Assembling the Application
Now we wire everything together. We create a single AuthService
instance and pass its actor to our urql
client configuration.
// src/main.tsx or App.tsx
import { createClient, Provider, fetchExchange } from 'urql';
import { interpret } from 'xstate';
import { authMachine } from './lib/auth/authMachine';
import { authExchange } from './lib/graphql/authExchange';
// 1. Create and start the authentication state machine service
const authService = interpret(authMachine).start();
// 2. Create the auth exchange, passing the service actor
const customAuthExchange = authExchange(authService);
// 3. Create the urql client with the auth exchange at the front of the pipeline
const client = createClient({
url: 'https://your-api.com/graphql',
exchanges: [
// The auth exchange runs before any other exchange, including cache and fetch.
customAuthExchange,
// Add other exchanges like cache, etc.
fetchExchange,
],
});
// Provide the client and service to your app
// ...
A React component can now consume the state directly from the service, ensuring the UI is always perfectly synchronized with the authentication state.
// src/components/Profile.tsx
import { useActor } from '@xstate/react';
import { authService } from '../main'; // Assuming authService is exported
export const Profile = () => {
const [state, send] = useActor(authService);
const { user } = state.context;
if (state.matches('initializing') || state.matches('handlingCallback')) {
return <div>Loading session...</div>;
}
if (state.matches('authenticated')) {
return (
<div>
<h1>Welcome, {user?.profile.name}</h1>
<button onClick={() => send('LOGOUT')}>Log Out</button>
{/* Your GraphQL components would go here */}
</div>
);
}
return <button onClick={() => send('LOGIN')}>Log In</button>;
};
Testing the Untestable
One of the most significant wins of this approach is testability. We can test the entire authentication flow without a browser or a real identity provider. Using @xstate/test
, we can create model-based tests to verify all paths through our machine.

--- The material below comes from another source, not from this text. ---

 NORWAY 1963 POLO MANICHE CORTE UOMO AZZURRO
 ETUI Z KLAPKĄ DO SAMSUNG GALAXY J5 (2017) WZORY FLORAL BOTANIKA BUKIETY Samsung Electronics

// src/lib/auth/authMachine.test.ts
import { createModel } from '@xstate/test';
import { authMachine } from './authMachine';
const testMachine = authMachine.withContext({
// Mock the userManager to control its behavior in tests
userManager: {
// ... mock implementations of signinRedirect, getUser, signinSilent etc.
getUser: jest.fn().mockResolvedValue(null),
signinSilent: jest.fn().mockResolvedValue({ /* mock user object */ }),
} as any,
user: null,
error: null,
});
const authModel = createModel(testMachine).withEvents({
TOKEN_EXPIRED: {
exec: async () => {
// No-op for the test, just triggering the event
},
},
TOKEN_REFRESHED: {
exec: async () => {},
cases: [{ user: { /* mock user */ } }],
},
// ... other events
});
describe('authentication machine', () => {
const testPlans = authModel.getSimplePathPlans();
testPlans.forEach((plan) => {
describe(plan.description, () => {
it(plan.description, async () => {
// `plan.test` executes the test case
await plan.test({});
});
});
});
it('should have full coverage', () => {
return authModel.testCoverage();
});
});
This allows us to prove, for instance, that receiving a TOKEN_EXPIRED
event while in the authenticated
state correctly transitions the machine to refreshingToken
, and a subsequent TOKEN_REFRESHED
event returns it to authenticated
with an updated user context. This was impossible with our old flag-based system.
Here is a visualization of the state machine we built, which XState’s tooling can generate automatically. This clarity is invaluable for onboarding new developers and reasoning about system behavior.
stateDiagram-v2 [*] --> initializing initializing --> unauthenticated: SESSION_INVALID initializing --> authenticated: SESSION_VALID unauthenticated --> redirectingToLogin: LOGIN redirectingToLogin --> failure: onError [*] --> handlingCallback handlingCallback --> authenticated: CALLBACK_SUCCESS handlingCallback --> failure: CALLBACK_ERROR authenticated --> loggingOut: LOGOUT authenticated --> refreshingToken: TOKEN_EXPIRED refreshingToken --> authenticated: TOKEN_REFRESHED refreshingToken --> unauthenticated: REFRESH_ERROR loggingOut --> failure: onError
This architectural shift was not merely a code change; it was a paradigm shift in how we handle client-side state. By modeling the complex, asynchronous nature of security as a formal state machine, we eliminated an entire class of bugs related to race conditions and inconsistent state. The system is now predictable, resilient, and, most importantly, debuggable.
The solution is not without its trade-offs. It introduces XState as a new dependency, which has a learning curve. The authExchange
itself contains complex logic that must be thoroughly tested. Furthermore, this pattern primarily addresses token lifecycle management; it does not solve token storage security (e.g., mitigating XSS attacks on tokens in localStorage
), which remains a separate and critical concern. Future iterations could explore using service workers to move token refreshing off the main thread entirely, providing even greater resilience against application freezes or complex multi-tab scenarios.